空けられて少し隙間の空いたペットボトルのキャップをしばらくじっと見つめた後、天野さんの顔を見る。当の本人の唇は次の食材を新たに迎え、またもちょもちょしている。


「……!」


 私の視線の意味を察知してか、口に入っているものを急いで飲み込み、ペットボトルを寄せ戻してキャップを開けて私に差し出してくる。

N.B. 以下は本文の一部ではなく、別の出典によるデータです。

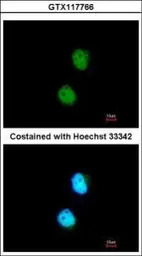 LSM4 antibody [N1C3]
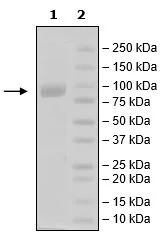 SDS-PAGE - Recombinant Human PVRL1/NECTIN1 protein (Biotin) (Fc tag C-Terminus + Avi tag C-Terminus) (AB271398)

「こういうことですよね! まったく、甘えん坊なんですから~」


 全然違う。掠りも惜しくもない。少しでも気にした私が馬鹿みたいだ。


「…………はぁ、そういうことでいいわ」

「え、違ったんですか? じゃあどういうことなんですか~?」

「言わない」


 差し向けられたペットボトルを奪い取って、口を付ける。

流れ込んでくる液体は甘さしかなかった口内に苦味を連れてきて、バランスを整えてくれる。

 ——と思ったけれど、いつもより甘く感じて期待外れだった。


 前言撤回、天野さんはエスパーでも超能力者でもない。

 単なるお人よしの世話焼き、それなのににぶい人だ。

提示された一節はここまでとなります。